“Boa noite, Guimarães”, irrompe este último, já a sua versão, campeã de airplay nas rádios nacionais, de Canção de Engate, original de António Variações, traçava o seu percurso sonoro no palco do pavilhão vimaranense. Cabelo desalinhado, barba farta, postura singela, voz sedutora, quase enfeitiçada. Se há artista que pode cantar Variações sem defraudar expetativas, é Tiago Bettencourt.

“Nós hoje temos pouco tempo para tocar, por isso não vou falar muito. Normalmente, falo”, alerta, antes de se lançar a Só Mais uma Volta, single de avanço de “Em Fuga”, segundo exemplar da sua discografia a solo, sem antes acrescentar, caso dúvidas houvesse: “Eu sou o Tiago e esta é a minha banda”.

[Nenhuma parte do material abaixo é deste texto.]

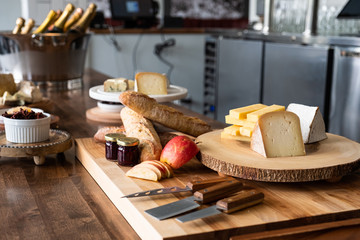 Bread and cheese assortment at restaurant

Ao piano, minutos depois, resgata Laços da segunda aventura discográfica com os Toranja, que chegou pensativa, sincera, de mãos dadas com O Jogo, ímpar na sua beleza e tranquilidade. Hipnotizante. Pó de Arroz, de Carlos Paião, da qual fez uma versão em 2008 para um disco de tributo, sucedeu-se, a par com o primeiro coro da noite. “Esta cantem comigo”, tinha pedido, soavam os seus primeiros acordes.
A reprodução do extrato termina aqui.